I’ve been on a coastal kick lately. My most recent A-List certainly addresses my penchant for sand, water and sky! Coastal landscapes close to home, exotic tropical islands farther away … Anytime I want to “go” to these areas, I need only look at some of my coastal-inspired art that adorns my home. I encourage clients to surround themselves with art that reminds them of a great travel destination, a memorable trip, a peaceful feeling … and often those pieces feature water.

I think of renowned American writers like Henry David Thoreau and e.e. Cummings, who so aptly described how I feel when I look out to water.

“A lake is the landscape’s most beautiful and expressive feature. It is earth’s eye; looking into which the beholder measures the depth of his own nature. — Henry David Thoreau

or

For whatever we lose (like a you or a me), 
It’s always our self we find in the sea. — e.e. cummings

One of my favorite mediums for capturing water is watercolor! Paint seems to flow on the paper, just like water! Check out the works of local watercolor artist Megan Garbinski (paintings shown here, at top) of Greenbush Media. Look at the colors in those three paintings — love them! Shades of blues, greens and purples blending with sandy beaches and various bodies of water, stands of trees and endless sky.
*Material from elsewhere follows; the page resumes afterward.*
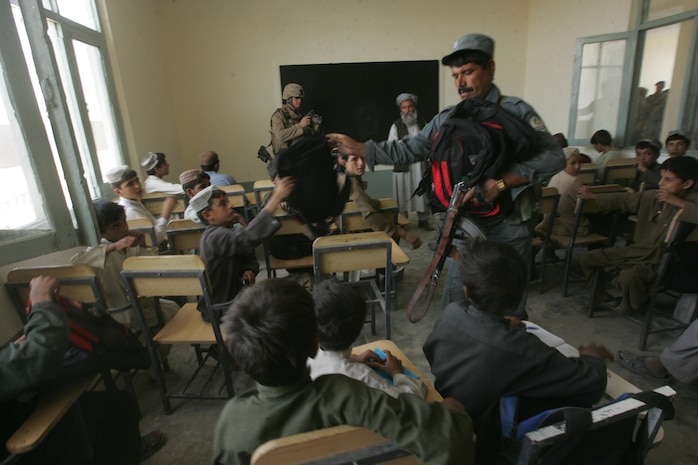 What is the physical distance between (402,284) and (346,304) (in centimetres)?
215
Much of what she paints reflects the northeast side of Michigan.

Peter Payette roseate Soonbills

During our last trip Up North, my family and I stumbled upon the most wonderful little eatery called Coho Café in Frankfort, MI. We soaked up the wall art photos, by Peter C. Payette. One of my favorites is “Lift Off,” of a crane heading out for a fly. Then there was “Roseate Spoonbills,” just gorgeous (see it above).
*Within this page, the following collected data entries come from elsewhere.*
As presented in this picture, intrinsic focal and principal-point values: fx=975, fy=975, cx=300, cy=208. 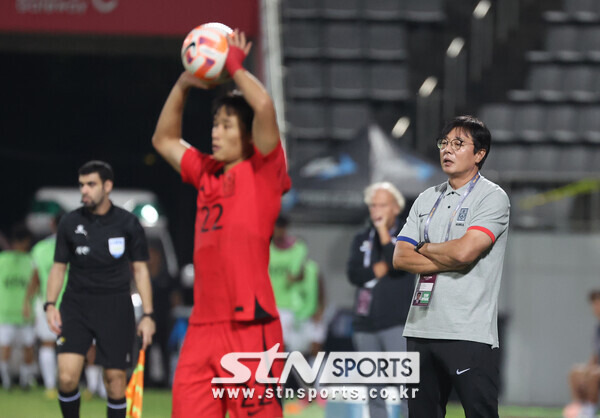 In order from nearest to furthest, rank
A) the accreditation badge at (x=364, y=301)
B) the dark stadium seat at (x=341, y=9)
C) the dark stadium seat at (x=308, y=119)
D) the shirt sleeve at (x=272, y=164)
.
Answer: the shirt sleeve at (x=272, y=164) < the accreditation badge at (x=364, y=301) < the dark stadium seat at (x=308, y=119) < the dark stadium seat at (x=341, y=9)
Coastal-themed images add great pops of color. For example, see the page here from Lonny mag. Neptune’s bounty of treasures is chockful of color and shape, adding wonderful splashes of home-decor intrigue.

lonny, best beach houses

I also adore the black-and-white Venice photos by Jason Henthorne (see below). Oh, but I could certainly find a nice spot to hang the image below! Right now, I’m working on my own gallery of black-and-white photos, taken by yours truly. I’ll post those soon.

Jason Henthorne Venice Italy

And you just can’t go wrong with anything in sepia. See how the last images here evoke a strong reminiscent feel?  The two yacht photos are by Ben Wood and the camel, framed in burled wood, is from Williams-Sonoma‘s home collection.

ben woods photo

Hanging art is an art in and of itself! Here, my best tips for you:

– A large, single piece can be centered on the wall for a pop of color. Or consider hanging two large images low. Remember that even if they are simple images, they become the focal point of the room.

– Consider a geometric grouping with different shaped frames for an interesting look.

– Hang a pair that complements one another; one is perhaps horizontal, while the other is vertical. Put them in oversized, intriguing frames.

– How about a row of same-size frames, which can emphasize the architectural features of the room

– I also like to hang art in a row,vertically, from the largest to smallest.

The bottom line: Surround yourself with art that makes you feel happy, inspires you and evokes good memories.

Do you enjoy coastal-inspired art? Who are some of your favorite artists?